CO2 diffusive characteristics and influencing factors in the porous medium with saturated polyacrylamide solutions

Abstract

Polyacrylamide has been widely utilized to store CO2 in reservoirs in order to alleviate the greenhouse impact. However, no studies have been conducted on the motion of CO2 in a polyacrylamide solution within porous media. This study illustrates the effect of polyacrylamide molecular weight, concentration, pressure, temperature, and pore size on the dynamic diffusion of CO2 in the core with saturated polyacrylamide solutions. The diffusion motion characteristics of CO2 were obtained by diffusion experiments. The microscopic analysis of core slices following testing showed the presence of polyacrylamide on rock particles. The pressure and CO2 mass fraction distribution inside the core were calculated by constructing a mathematical model. The results show that the increase in molecular weight and concentration of polyacrylamide decreased the diffusion ability of CO2, while temperature and pressure accelerated the diffusion of CO2. The polyacrylamide moved into the core to form an effective inhibiting effect, which was affected by CO2 and pressure.

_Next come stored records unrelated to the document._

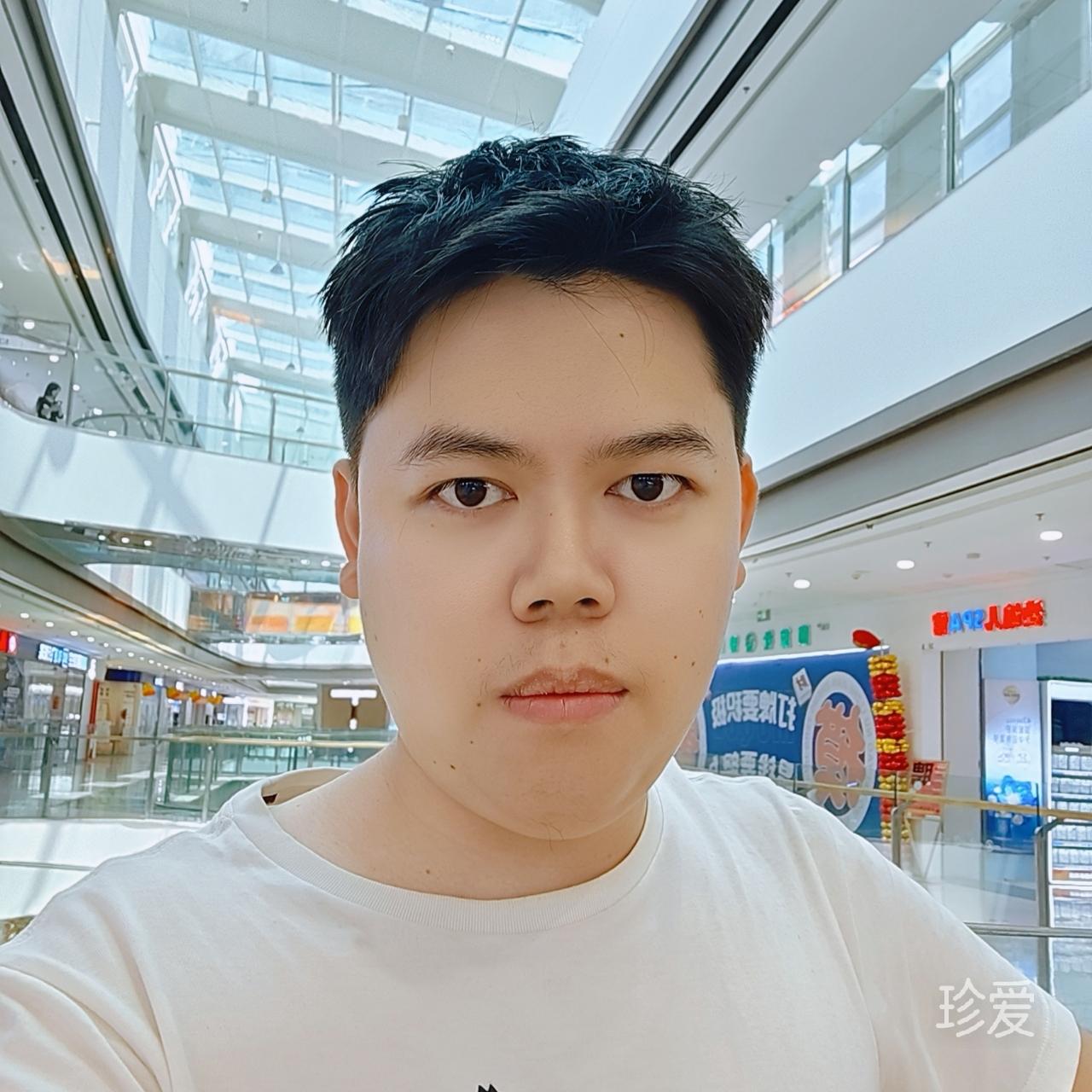 冬天的一棵树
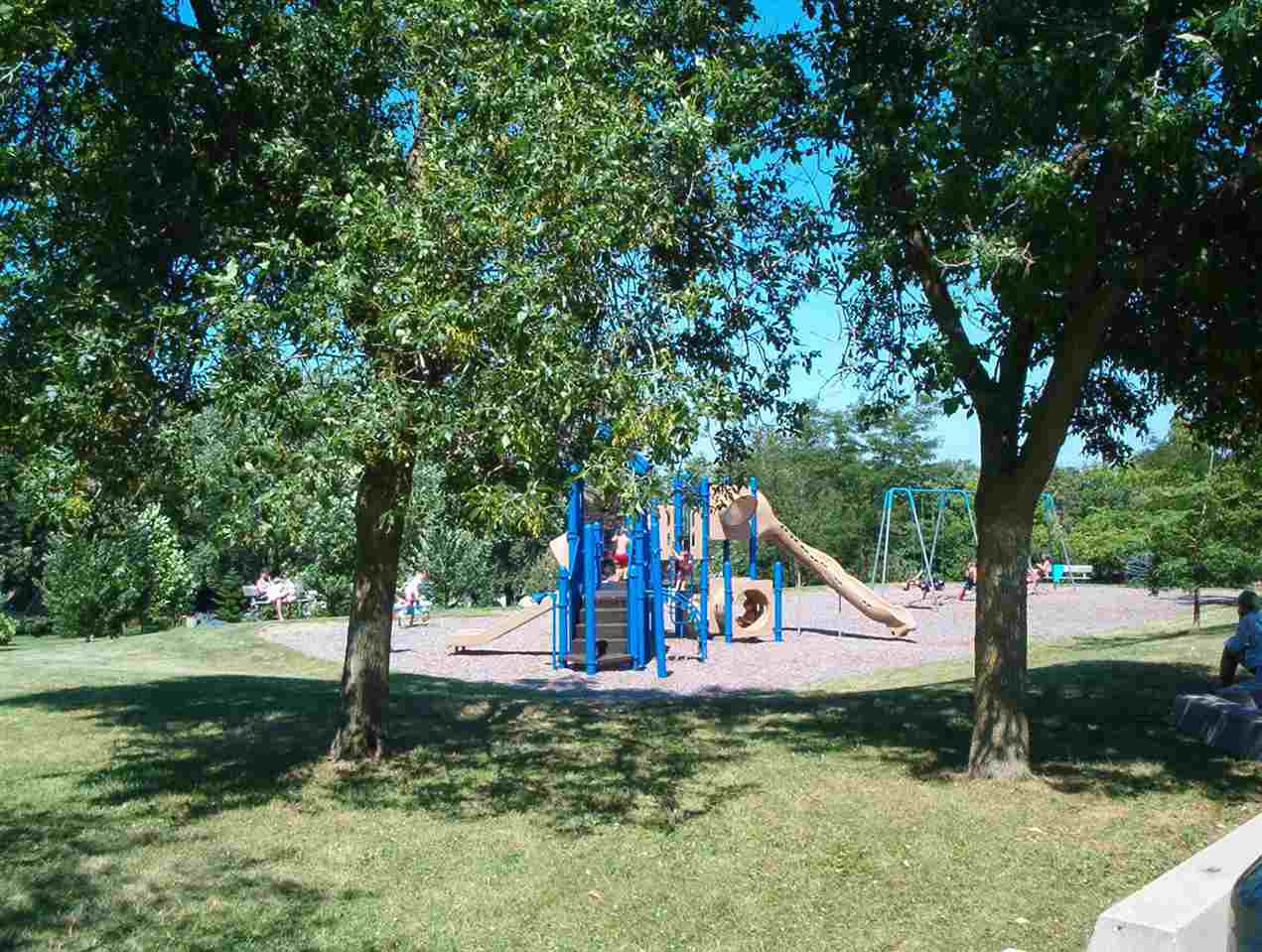 1748 Lake Summerset Road Lake Summerset, IL 61019 - Photo 18 of 18 a view of a park with large trees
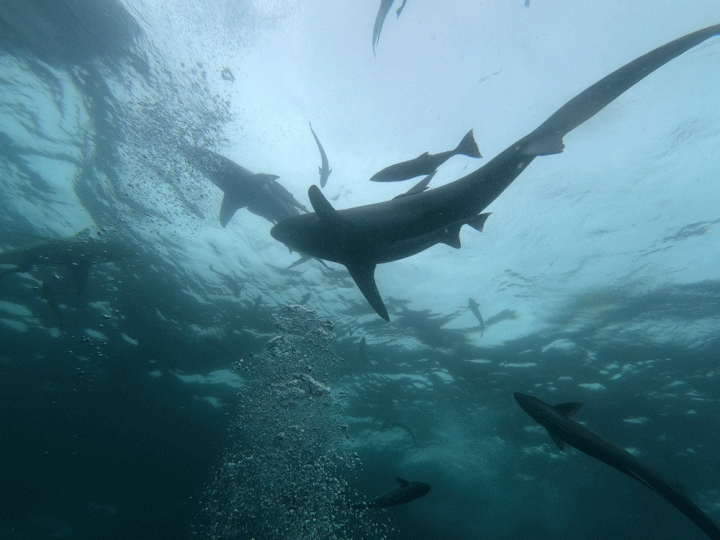 Zwemmen haaien Zuid-Afrika Umkomaas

While the increase in pore size accelerates the flow rate of the polyacrylamide, it also enhances the sealing capacity of the polyacrylamide solution. Scanning electron microscopy (SEM) and energy dispersive spectroscopy (EDS) showed that the core had a high content of polyacrylamide solution inside it, and these molecules were attached to the surface of the core particles in an irregular lamellar pattern. The calculation model was consistent with the diffusion experimental results, where the CO2 diffusion coefficient in the polyacrylamide solution was in the order of 10-12 m2/s under the conditions of 5–30 MPa, 323–343 K, and a core permeability of 60 × 10-3 μm2. The results of this paper provide a new calculation for evaluating the performance of polymer plugging.